Sophie Beren, founder and CEO of The Conversationalist, an educational platform that empowers young people to have conversations and create community, said that for creators who rely wholly or in part on TikTok for income, a ban would be “devastating.” 

“They are struggling with a potential ban because we are living in a world where it’s impossible to have one traditional path for income. The traditional path for young people doesn’t guarantee economic success or stability like it used to,” Beren told CBS MoneyWatch.

She added that the possibility of taking away an income stream from the creator community feels “incredibly unfair.” 

Tiffany Yu, founder of Diversability, a for-profit advocacy group and community provider for people with disabilities, is also afraid of what a potential ban would mean for her business and the people it serves and employs. 

Yu’s advocacy group makes money selling memberships and through corporate sponsorships. She credits TikTok with growing her reach large enough to secure major brand partnerships, including deals with Hilton and Dove.
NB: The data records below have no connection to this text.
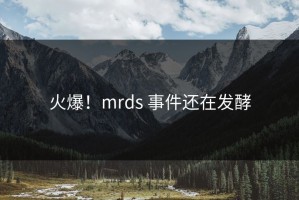 火爆！mrds 事件还在发酵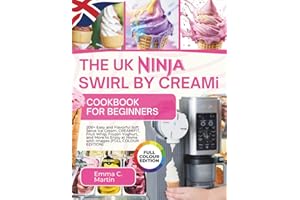 The UK Ninja Swirl by CREAMi Cookbook for Beginners: 200+ Easy and Flavorful Soft Serve Ice Cream, CREAMIFIT, Fruit Whip, Frozen Yoghurt, and More to Enjoy at Home with Images (FULL COLOUR EDITION)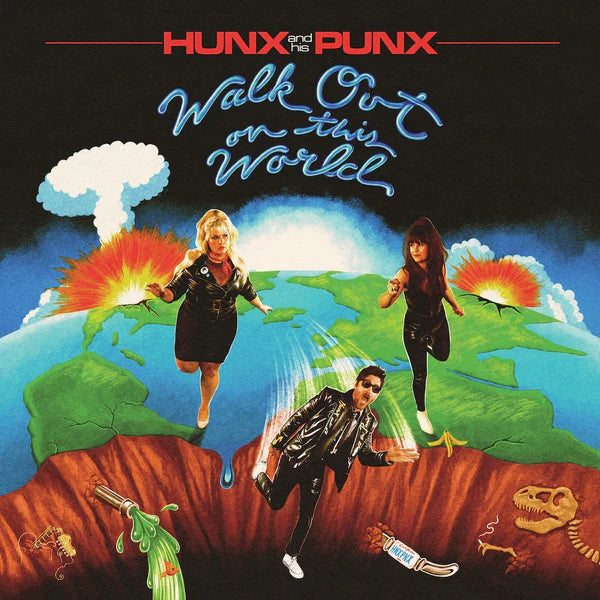Hunx & His Punx - Walk Out On This World (Apple Red Vinyl)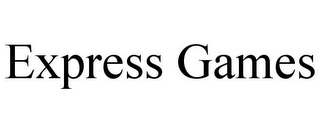 EXPRESS GAMES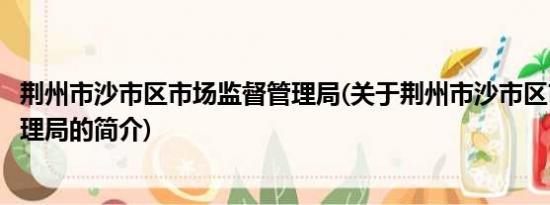 荆州市沙市区市场监督管理局(关于荆州市沙市区市场监督管理局的简介)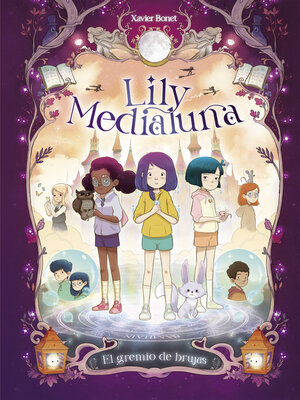 cover image of Lily Medialuna 2--El gremio de las brujas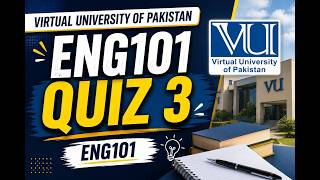 ENG101 Quiz 3 2026, Eng101 quiz 3 solution 2026, Eng 101 quiz 2026, Eng101 quiz 3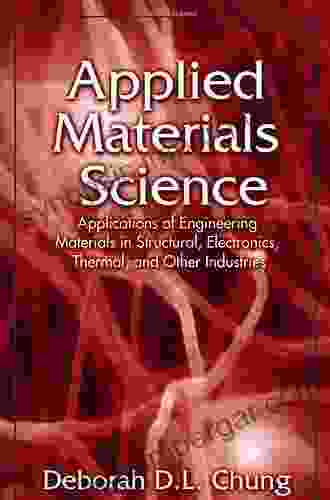 Applied Materials Science: Applications Of Engineering Materials In Structural Electronics Thermal And Other Industries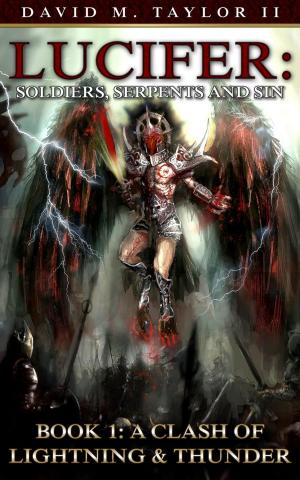 Cover of the book Lucifer: Soldiers, Serpents & Sin Book 1 - A Clash of Lightning and Thunder by Ben Galley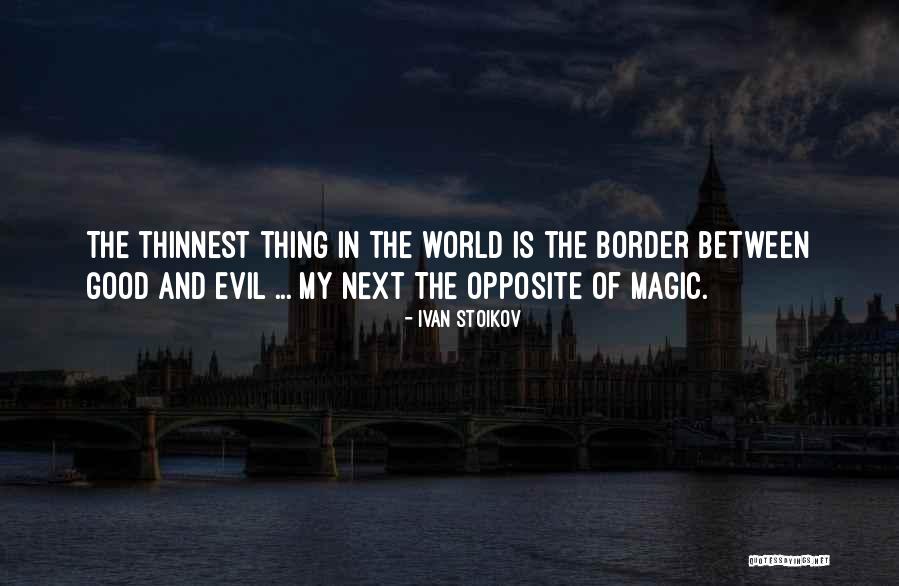 Ivan Stoikov Quotes 930679 Ivan Stoikov Quotes 930679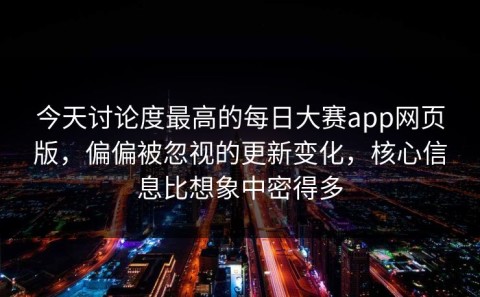 今天讨论度最高的每日大赛app网页版，偏偏被忽视的更新变化，核心信息比想象中密得多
All told, the deals acquired through TikTok account for more than 50% of Diversability’s revenue. 

For Yu, a ban could mean going back to her bootstrapping roots, when she made ends meet by renting part of her apartment and selling used furniture, in the early days of running Diversability. 

“I would like to not have to go back there, but if that’s what we had to, then we would do it,” she said. 

Safer to diversify, than rely on a single platform

Barros, the money coach, said that while a TikTok ban could hurt her business, it wouldn’t destroy it. That’s because she has never allowed her business to depend entirely on a single platform, whose fate she never had any control over.

“Like any business, you need to diversify, and I use Instagram and Threads and all the other platforms, too,” she said. 

But TikTok offers a unique advantage for people like herself, Barros said, because its algorithm is more effective at feeding audiences tailored content that they’re likely to engage with, she believes.

Still, she’s prepared for a potential ban on TikTok and any other social media platform for that matter. 

I use other platforms but I have also been building an email list that I own,” she said. “I feel secure that my business will continue to grow and thrive. If TikTok were to be shut down I would inevitable feel the impact, but it’s not something that would wipe out my business.”